# WORK TASK:
Copy each line, word for word, from the one with "Винтоверт Makita dhp482, зарядно и батерия" through the final line of the listing, but skip the pictures.

======== EXERCISE DATA ========

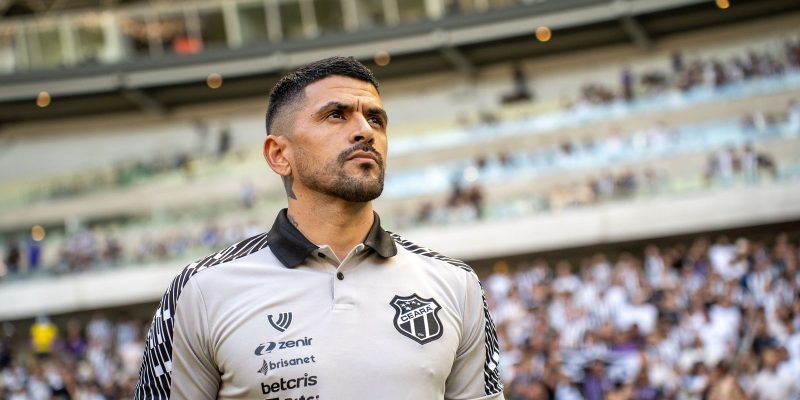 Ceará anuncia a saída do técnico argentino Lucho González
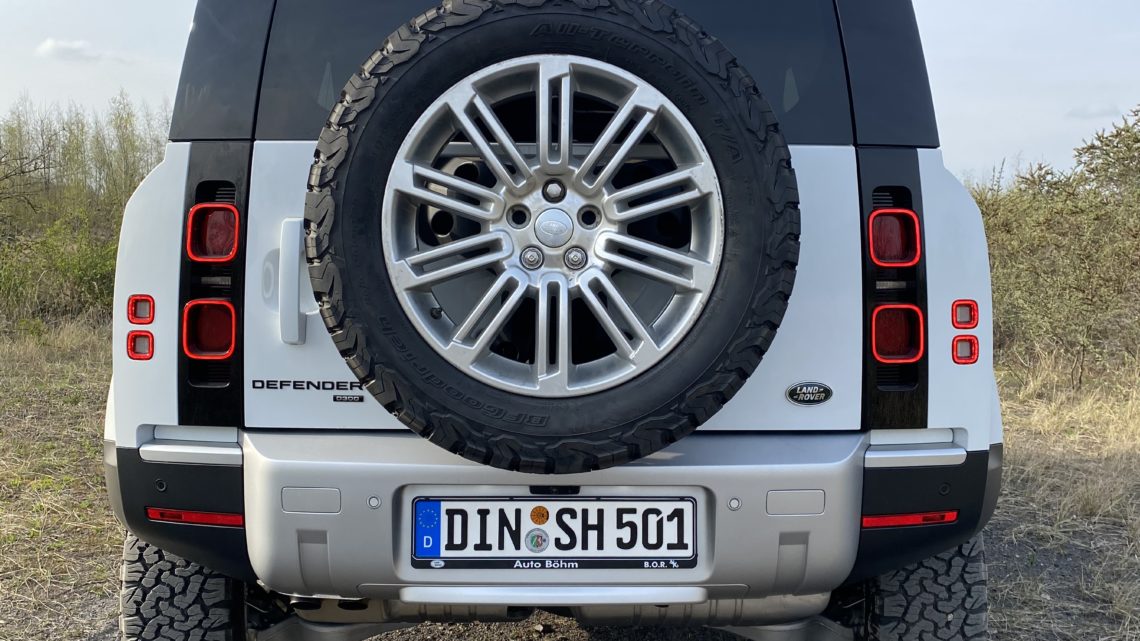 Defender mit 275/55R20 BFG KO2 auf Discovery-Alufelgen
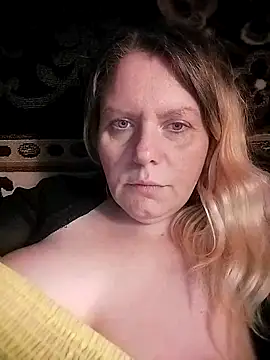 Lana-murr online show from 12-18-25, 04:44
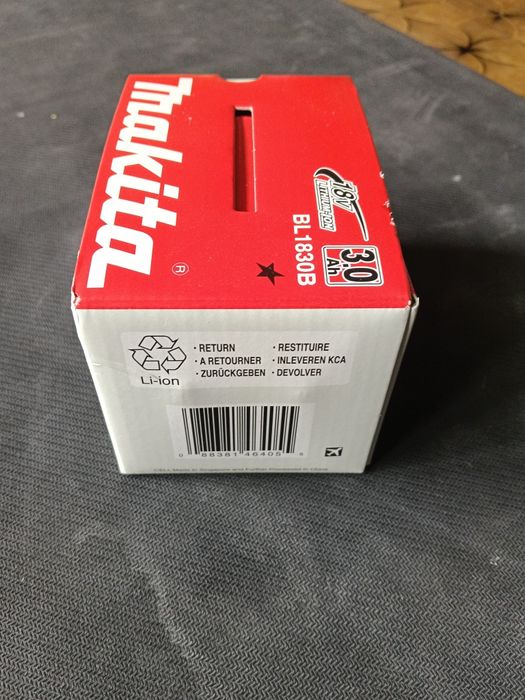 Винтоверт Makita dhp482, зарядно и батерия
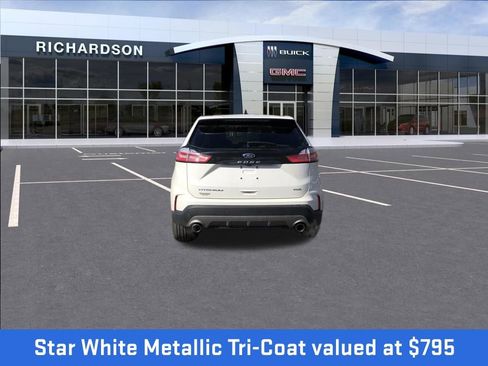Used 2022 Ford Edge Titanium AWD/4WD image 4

========

# EXPECTED ANSWER:
 Винтоверт Makita dhp482, зарядно и батерия
Used 2022 Ford Edge Titanium AWD/4WD image 4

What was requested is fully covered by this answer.